À l’écran, des scènes devenues banales de moments festifs où le protoxyde circule : un ballon coloré. Une inhalation. Et la couleur de ce ballon devient le filtre par lequel la réalité explose : accident de la route, paralysie, incontinence, impuissance sexuelle, condamnations pénales. Le gaz hilarant n’a, soudain, plus rien de drôle.

C’est cette réalité que la campagne expose : celle d’un produit aux effets imprévisibles, dangereux, irréversibles. La conduite sous protoxyde est tout simplement impossible. Et plus la consommation se répète, plus les risques s’aggravent : atteintes neurologiques sévères, complications cardiovasculaires, troubles cognitifs ou psychiatriques.

.


« Le patient type est un jeune qui à 18 ans, se retrouve les doigts rétractés, à ne plus pouvoir tenir debout sans béquille, et à se faire pipi dessus » alerte le docteur Irène Coman de l’Hôpital de Sevran.
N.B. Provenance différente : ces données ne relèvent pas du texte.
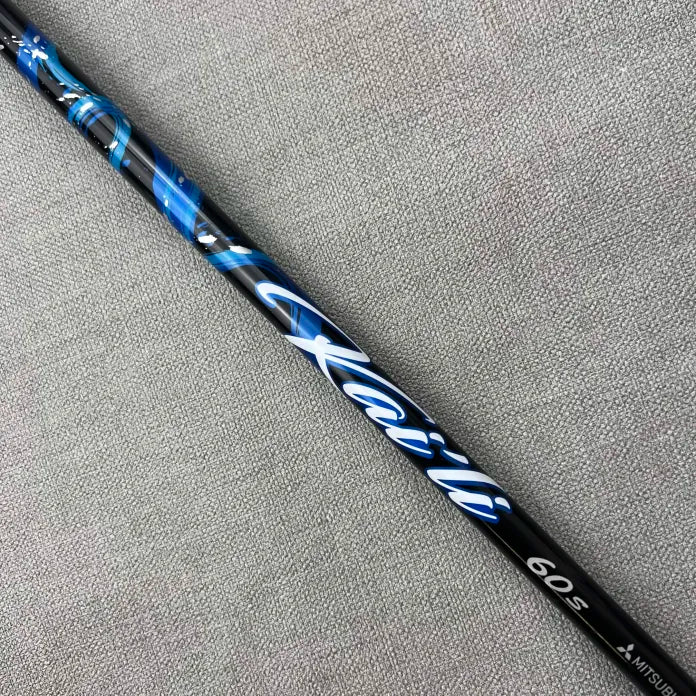 Cobra Aerojet LS Fairway 3 Wood - Stiff Flex Kai'Li / 14.5 Degree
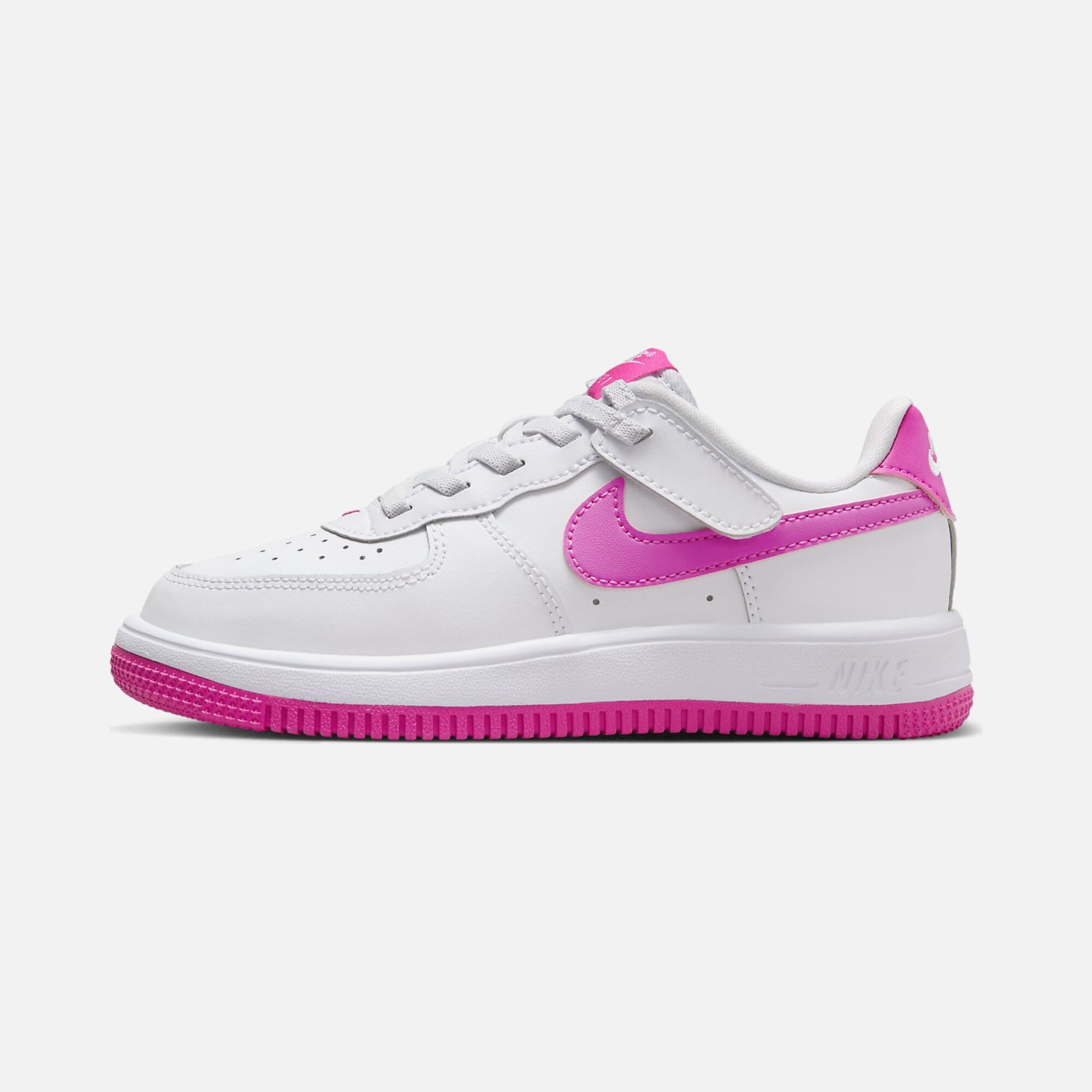 Nike Force 1 Low EasyOn (PS) Çocuk Spor Ayakkabı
« C’est une jeune femme qui ne peut plus garder son travail, car elle n’est plus présentable à cause de son incontinence, qui lâche tous les objets des mains, n’arrive plus à retenir les commandes. Ces patients arrivent en consultation à l’hôpital parfois très tard. Il y a un jeune homme qui est venu seulement quand les douleurs neuropathiques étaient tellement insupportables, qu’il ne pouvait plus supporter le poids du drap sur ses pieds, et qu’il ne fermait plus l’œil de la nuit ».

.


.

.


Une fausse impression de lucidité qui tue

 

Le « proto » crée une illusion de contrôle. Le conducteur ne perçoit pas que ses capacités sont altérées. C’est l’un des mécanismes les plus dangereux de cette substance.

Les conséquences : perte de contrôle moteur (difficulté à maintenir le volant, réactions imprévisibles aux imprévus sur la route) ; sous-estimation des vitesses et des distances de sécurité ; altération du jugement (prises de décision impulsives, désinhibition) ; distorsions visuelles pouvant faire apparaître ou disparaître des obstacles ; « trous noirs » (perte de conscience partielle ou totale au volant, sans signe avant-coureur) ; altération de la mémoire de travail (incapacité à anticiper les situations de conduite).